Oh my... Haaretz op-ed admits that the Left is free to speak in Israel but cannot make a case
An op-ed in Haaretz debunks an op-ed in the New York Times that claims that the Left in Israel has been terrorized into silence.As I write this, the most-emailed post on the New York Times website is a short piece called “How Israel Silences Dissent,” by Mairav Zonszein who, like me, moved to Israel from America where she was born. And like me, she is a leftist and a political activist. Zonszein describes a small group of thugs who mixed it up with Tel Aviv peace demonstrators at the start of the Gaza war, a death threat phoned into a theater against a renowned 75 year old stage actress, Gila Almagor, after a newspaper reported that the grotesque murder and immolation of a Palestinian teen in Jerusalem left her embarrassed to be an Israeli, the cancelling of an endorsement deal for a gifted comedian, Orna Banai, after she expressed sympathy for Gazan kids, and threats against a Haaretz journalist, Gideon Levy, who described Israeli pilots as war criminals. All these, Zonszein wrote, demonstrate “the aggressive silencing of anyone who voices disapproval of Israeli policies or expresses empathy with Palestinians.”
The thing is, they don’t.
Don’t get me wrong; they’re terrible.... My stomach churned when I watched, heard and read all these things, just as Zonszein’s did.
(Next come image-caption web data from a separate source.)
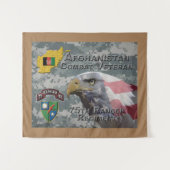 75e Ranger Regiment Afghaans gevechtsveteraan Wandkleed (Voorkant (horizontaal))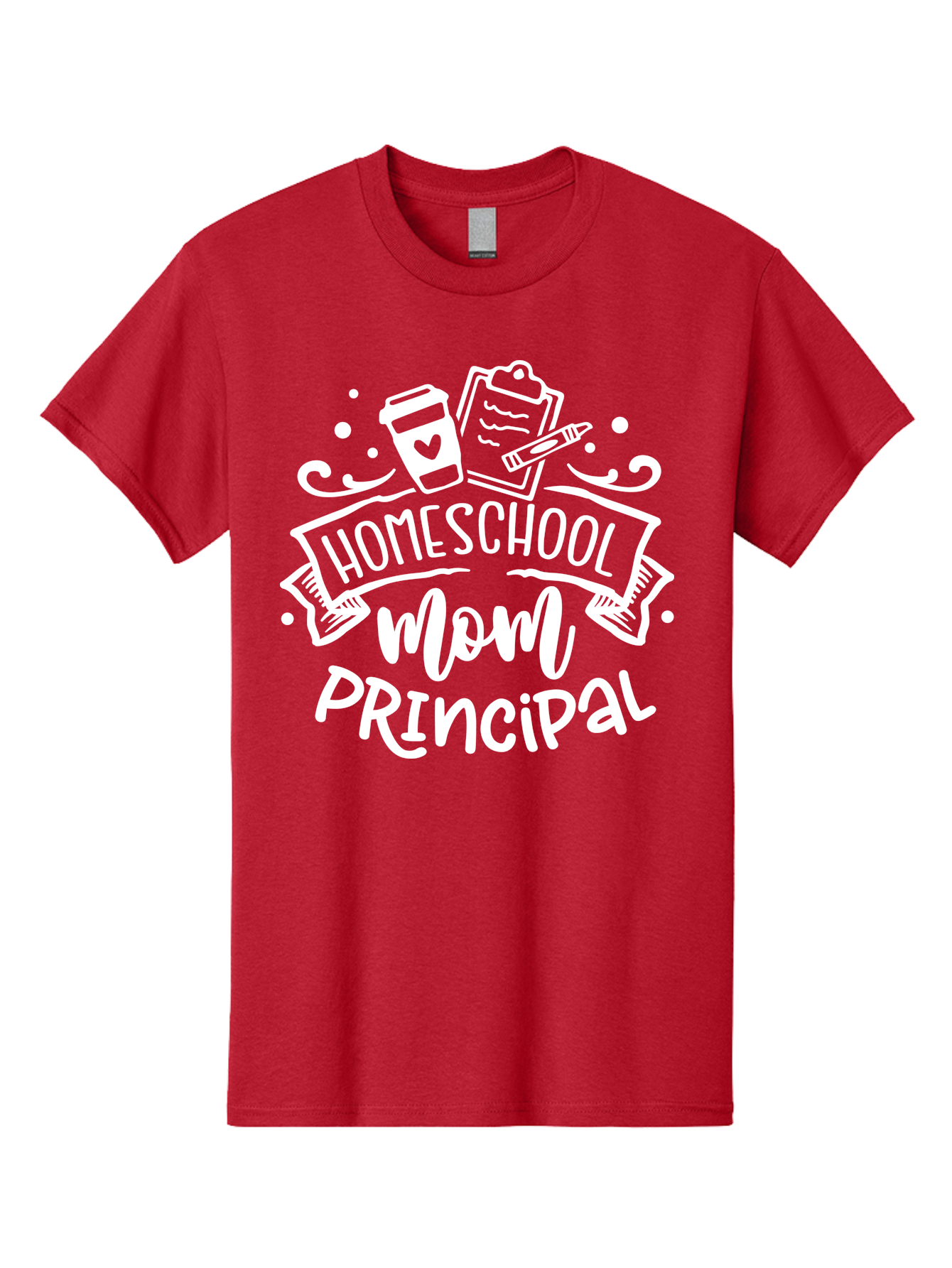 Homeschool-Mom-Principal-2 Men'S Graphic Tee, 100% Cotton, Comfortable Casual Summer Wear, Machine Washable, Homeschool Mom, Principal, Education, Homeschooling, Mom Life, Coffee Lover, Learning, Teaching, Parenting, Family, Kids, Aab377 9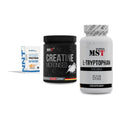 Einsteiger-Set: NNT Whey + MST Creatin + MST Tryptophan – alle enthaltenen Artikel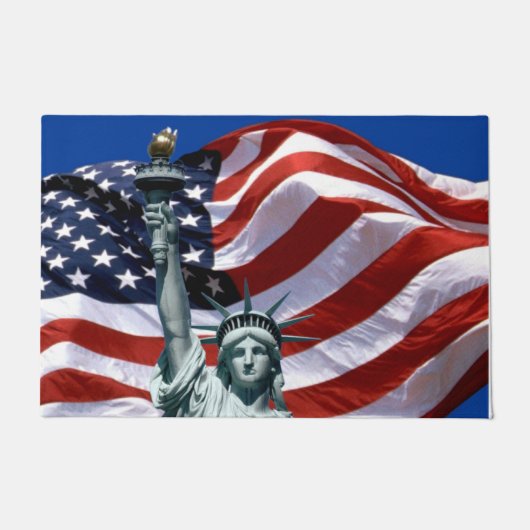 Lady Liberty, Old Glory Doormat Deurmat (Voorkant)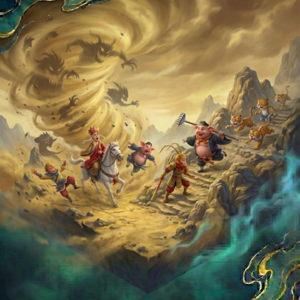 第二十回：黄风岭唐僧有难 半山中八戒争先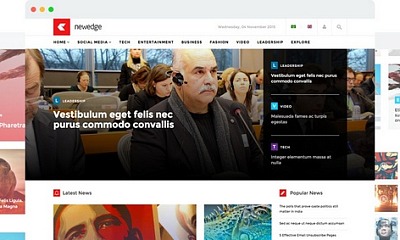Joomshaper Newedge - Joomla Template
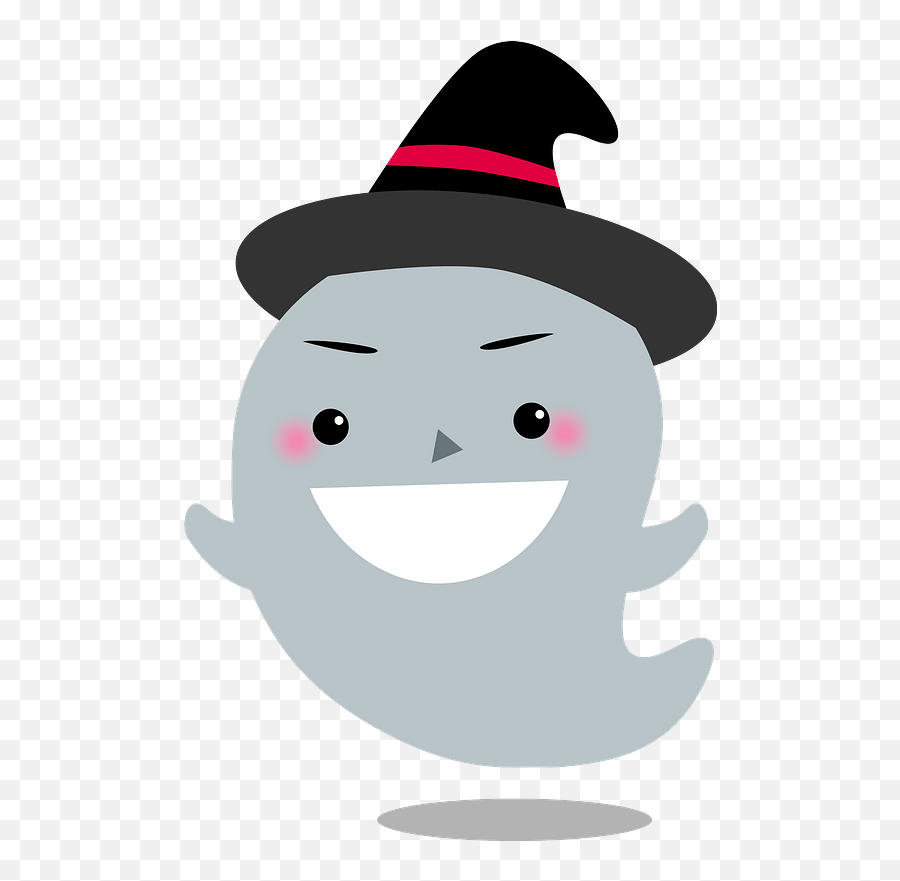 Ghost With A Witch Hat Clipart Free Download Transparent - Fictional Character Emoji,Witch Emoticon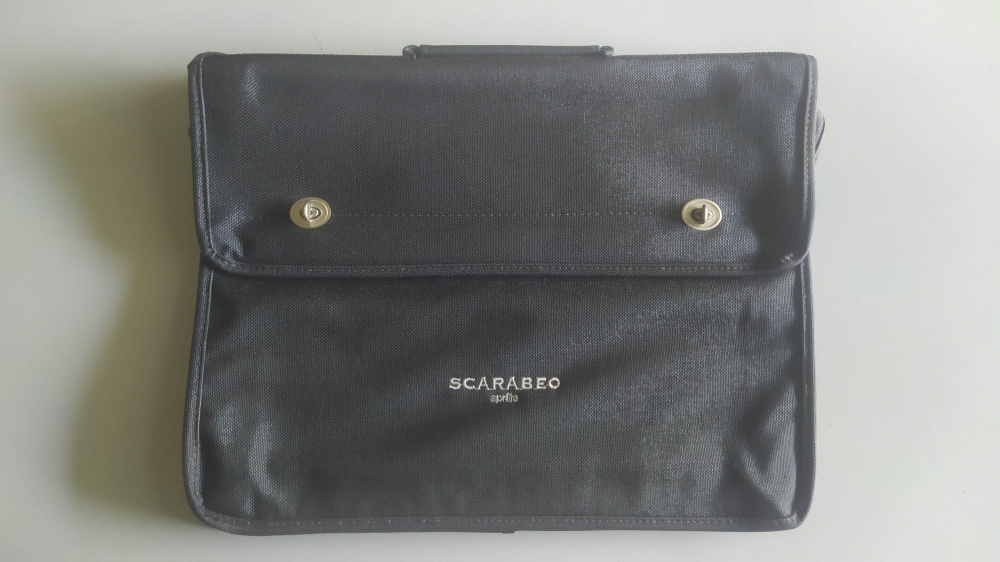 borsa antracite interna scarabeo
But then, that’s the point: I watched, heard and read all these things. The criticisms reached me. The criticisms of the criticisms reached me. Discussion of the criticism and of the criticisms of the criticisms reached me. No one was silenced. The week after thugs punched three demonstrators, there was another demonstration, this one larger, and protected by more police. The actress, the comedian and the journalist received hours of airtime and hundreds of column inches. The murder of the Palestinian kid in Jerusalem was condemned by multitudes, including the parents of the three Israeli boys who were murdered weeks earlier.
Although most Israelis supported the war in Gaza, especially at the start, there were voices of dissent in all media and especially on the internet....
The simple fact is, a lot of the media, and a lot of academia, and a lot of NGOs and civil society in Israel lean left, and sometimes far left. We have ways of expressing ourselves, and we did express ourselves. I was not intimidated. The thugs did not keep me away from the demonstrations, and did not make me too fearful to bring my kids along. If we’re honest, the dozen right-wing bullies shouting threats infuriated lots of us, but they intimidated no one. Leftist Israelis may not have shown as much anguish or empathy as Zonszein thinks we should have. But that was not because we were aggressively silenced. Perhaps we were too silent, but not because we were silenced.
...
But we haven’t been silenced. We’ve just failed to make our case. For a dozen years, we have failed to win a majority in the Knesset. We have failed to convince other Israelis that the cost of holding onto the occupied territories is greater than the dangers of relinquishing them. In Zonszein’s analysis, this is because a right-wing cabal has shut us up, and there’s little we can do about it.
The truth is, we’ve failed because we’ve failed, and there is a lot we can do about it. Rather than whine in the New York Times about how we’ve been silenced, we need to figure out how to speak to other Israelis so that they will listen. The answer is not to convince readers of the New York Times that Israel is no longer a democracy. The answer is to accept that Israel is a democracy, and that democracy demands that we speak to our fellow citizens and listen to them, that we persuade them rather than dismiss them. Zonszein argues that democratic politics in Israel are hopeless. The fact is, it is in Israeli democracy that our greatest hope lies.The writer, Noah Efron doesn't seem to acknowledge the possibility that maybe the Left has failed because most Israelis have realized that its ideas are not workable. Ideas don't just fail because they're not well presented - sometimes they fail because they're just plain wrong. But at least he recognizes that the Left has had the opportunity to present its ideas. Maybe one day others on the Left will reach the same epiphany.
Labels: anti-Israeli Israelis, Haaretz, Israeli Left, Israeli media bias, New York Times
1 Comments:
There is no "Occupied Territory".
Kindly read "The Palestine Mandate", especially Article 6. This land was given to Israel by international agreement in 1922.
Then please read "From Time Immemorial" by Joan Peters. The "Palestinians" as an ancient Arab Muslim people is a myth.
Once you stop listening to Arab Muslim propaganda and read the above you will have a better understanding of Israel's history and its right to its own land.